We have been told the coronavirus is a hoax, that it is like the sniffles or a mild flu, that it will miraculously disappear, that numbers of deaths and cases are inflated, that children are almost immune to it, that masks are not necessary, that we’ve turned the corner, that a vaccine is imminent, that it is safe to resume our lives.
None of which is true. All deliberate lies.
Serious illnesses, loss of livelihoods, and tens of thousands of deaths have been virtually unacknowledged, while our leaders cry “Peace” when there is no peace.
Brueggemann says that the church has two principle tasks in times such as these.
The first is “to practice grief in the face of denial by truth telling.”
“The prophetic task, amid a culture of denial, is to embrace, model, and practice grief, in order that the real losses in our lives be acknowledged,” he says.
That means we tell the truth about what is happening. We acknowledge that thousands have likely died needlessly because of the negligence of our leaders. We hold them accountable and responsible for the care of the nation. We demand that the 200,000 lives that have been lost be remembered, grieved, and honored.
We also acknowledge as real and valid all the other griefs evoked by this pandemic — the illnesses, the loss of livelihoods, the isolation, the loss of community, ritual, and routine. All of us have experienced loss in the last six months, loss that is deep and real.
Scripture speaks to such loss.
“My soul is bereft of peace;” we hear in the Book of Lamentations. “I have forgotten what happiness is; so I say, ‘Gone is my glory, and all that I had hoped for from the Lord.'”
Brueggemann notes that the church today, like the culture around us, tends to avoid laments and loss. The temptation to paper over it, to cry “Peace” when there is no peace, is real.
But we must do so if we are to move forward.
Which brings us to the church’s second task in such times, which Brueggemann says is “to practice hope in the face of despair by promise-telling.”
This is hope that is grounded in reality. Not wishful thinking that the virus will one day magically disappear, but hope that acknowledges the truth, the grief, the loss of our situations, and courageously says that this is not the final word.
This is hope that God is with us and that God will lead us into a future that we are called to imagine.
Brueggemann says the church’s task now is to proclaim hope that is a “tenacious act of imagination, grounded in a dream, song, or narrative, rooted in the faithful authority of God.”
The church should “dare to speak such a future that is there beyond all evidence.”
Martin Luther King did exactly that in his “I Have a Dream” speech given in 1963 when segregation, Jim Crow, and restricted voting rights were still the law of the land.
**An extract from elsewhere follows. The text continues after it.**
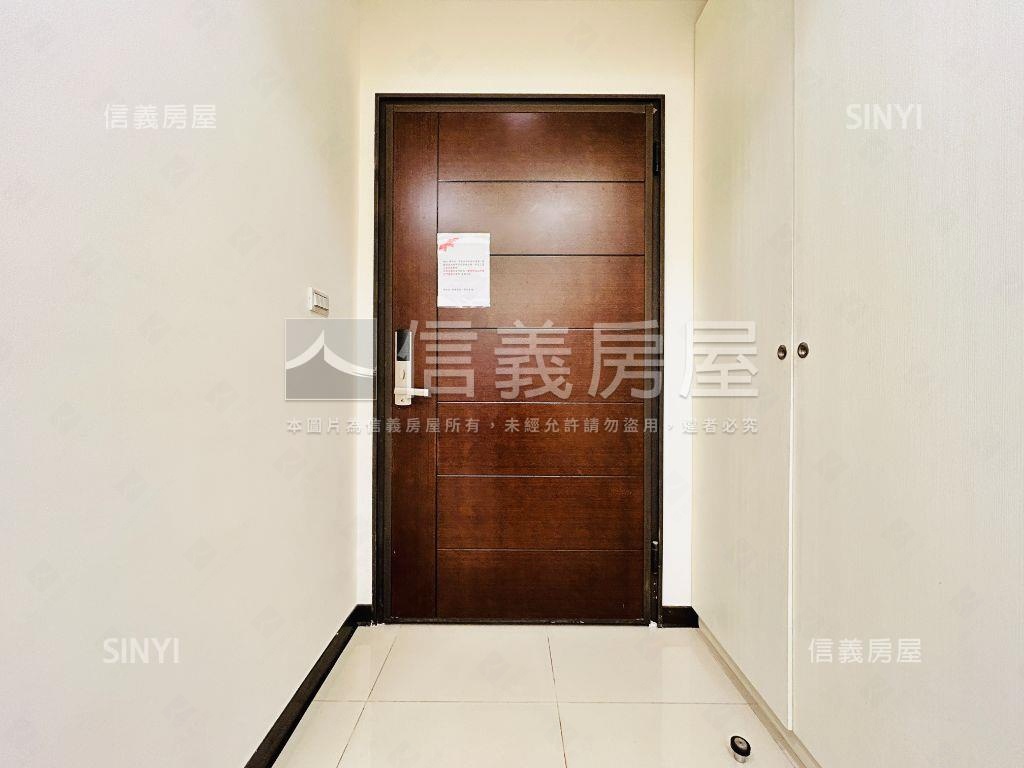 現代經典二房車位房屋室內格局與周邊環境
King did not deny that reality, but urged us to look beyond it to a new day when those realities would be defeated and we would all be closer to God’s dream for humankind.
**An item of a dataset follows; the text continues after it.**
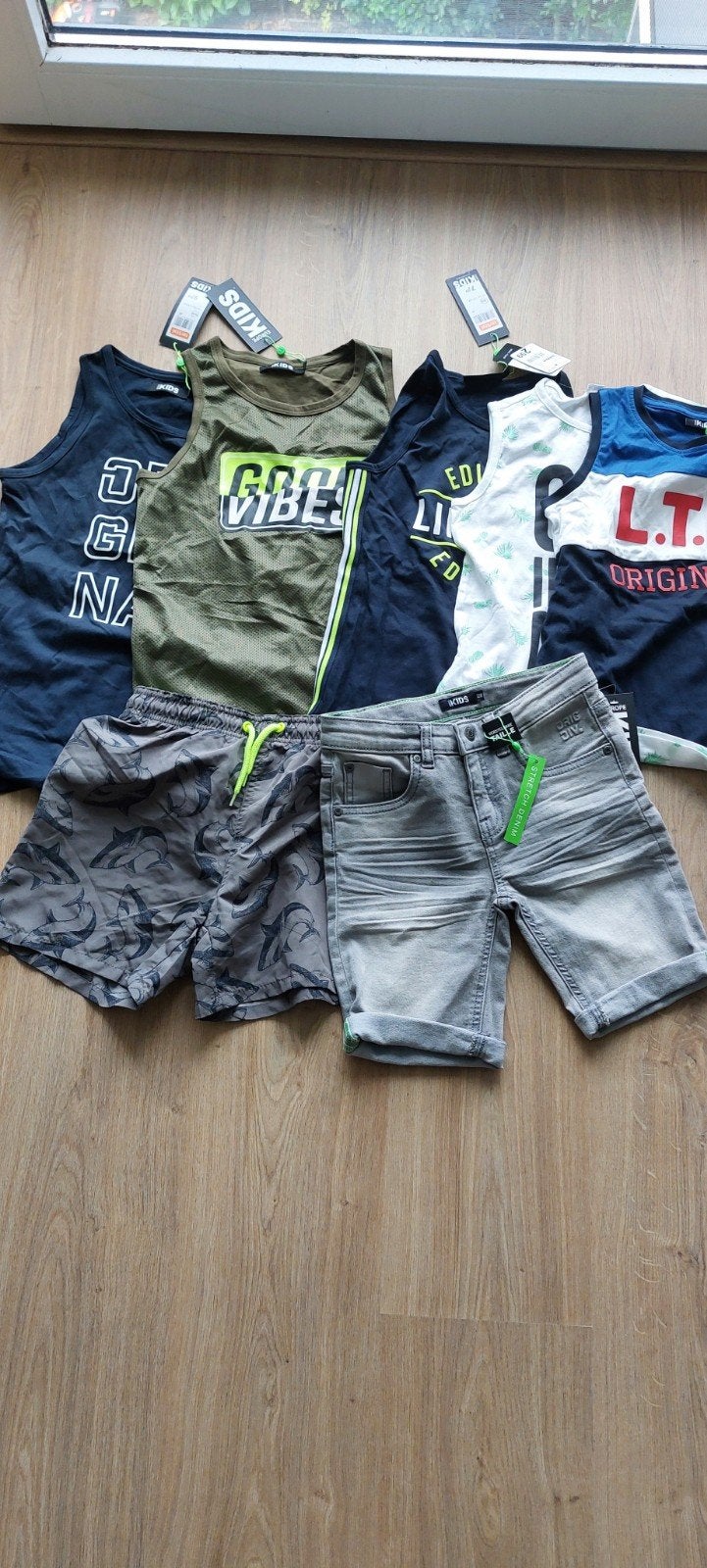 Nieuwe korte broeken en shirtjes maat 122/128 en 134/140, Ophalen of Verzenden, Nieuw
And then he called us to do the hard work it took to move forward, with the assurance that God is with us.
In the same way we acknowledge the reality of our situation today, the truths of inequity that have been uncovered by this virus, and dream of the better, more just world to which God is calling us.
But today we grieve.
We weep as Jesus wept at the death of a friend he loved.
We mourn what we have lost, what our nation has lost.
The last verse of our offertory music sums it up well:
O God of love and mercy, we cry to you, 'How long?' In troubled times remind us: Your love is ever strong. Now as we grieve the suffering, Lord, show us how to be a healing, loving presence in our community.